[Exercise brief]: Please set down every line of the records below exactly, without the pictures.

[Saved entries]
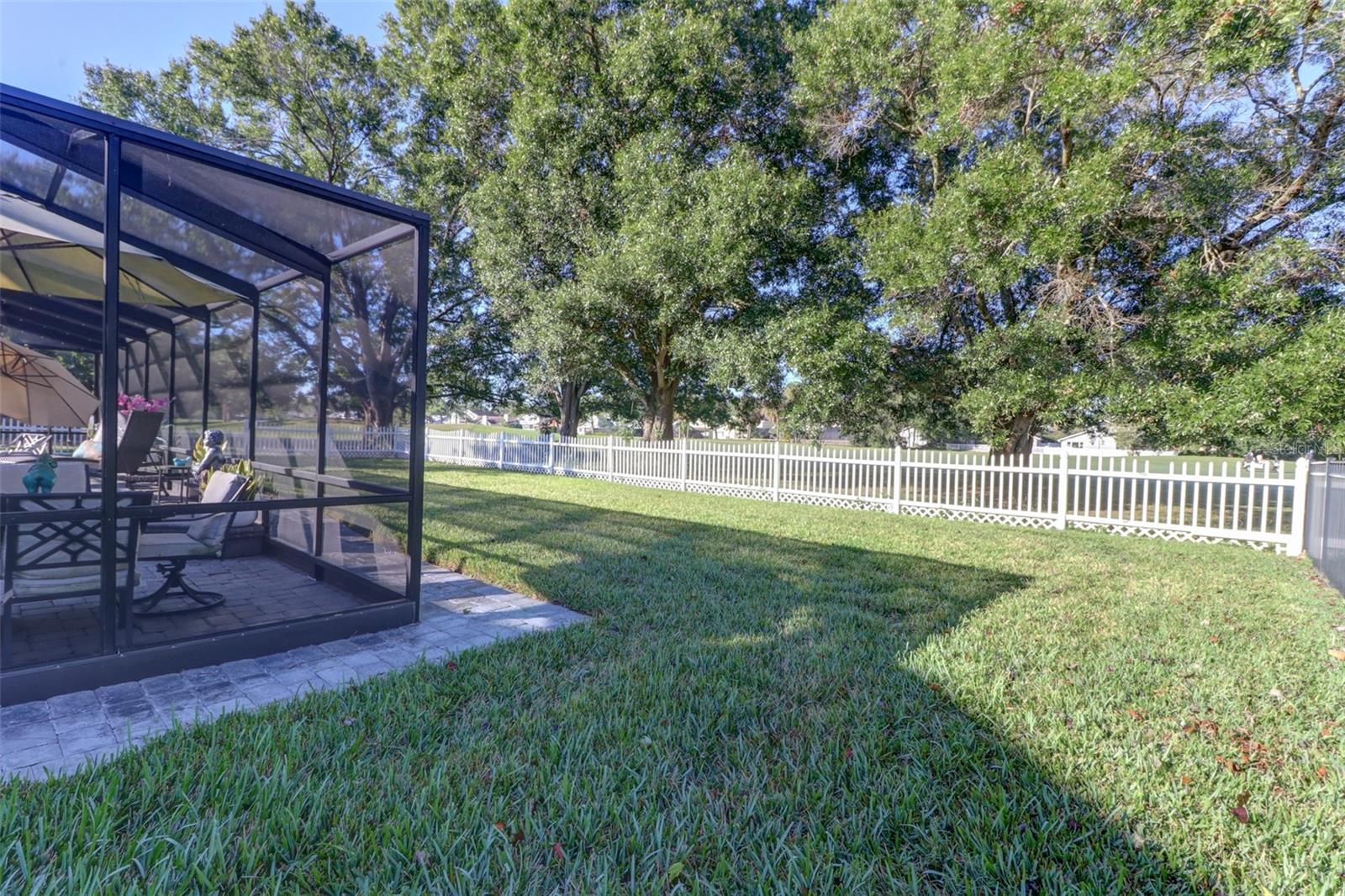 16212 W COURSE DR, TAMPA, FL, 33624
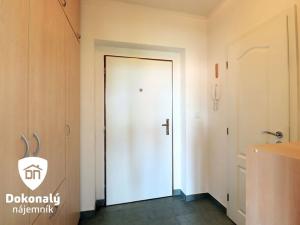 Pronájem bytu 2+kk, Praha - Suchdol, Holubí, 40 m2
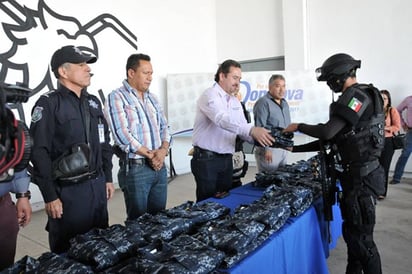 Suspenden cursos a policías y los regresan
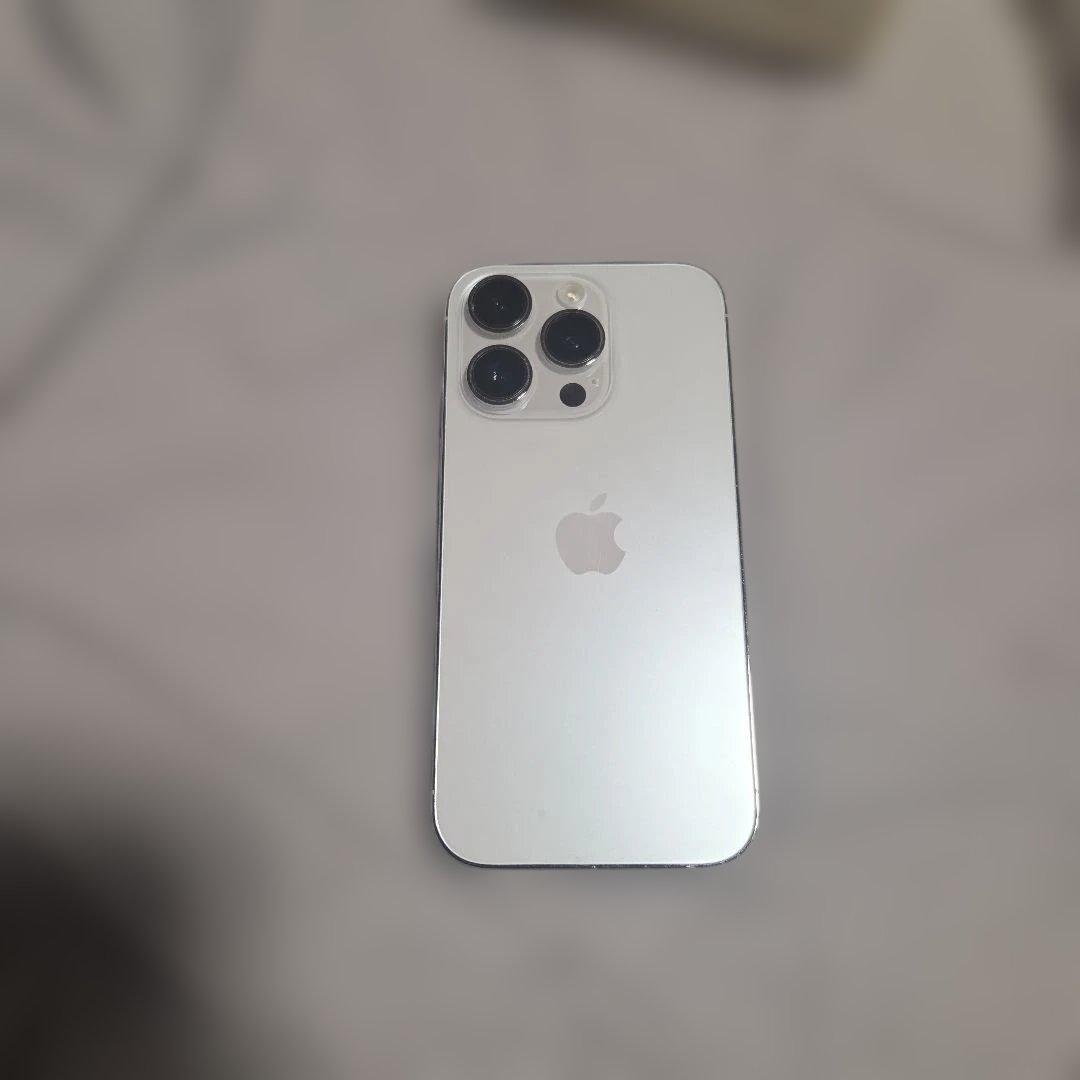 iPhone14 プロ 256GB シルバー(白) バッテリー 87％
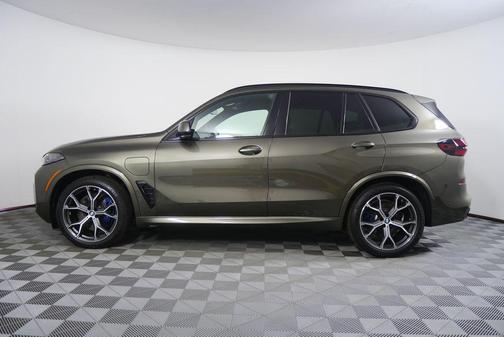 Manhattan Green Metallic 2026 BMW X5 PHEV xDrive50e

[The answer]:
 16212 W COURSE DR, TAMPA, FL, 33624
 Pronájem bytu 2+kk, Praha - Suchdol, Holubí, 40 m2
 Suspenden cursos a policías y los regresan
 iPhone14 プロ 256GB シルバー(白) バッテリー 87％
 Manhattan Green Metallic 2026 BMW X5 PHEV xDrive50e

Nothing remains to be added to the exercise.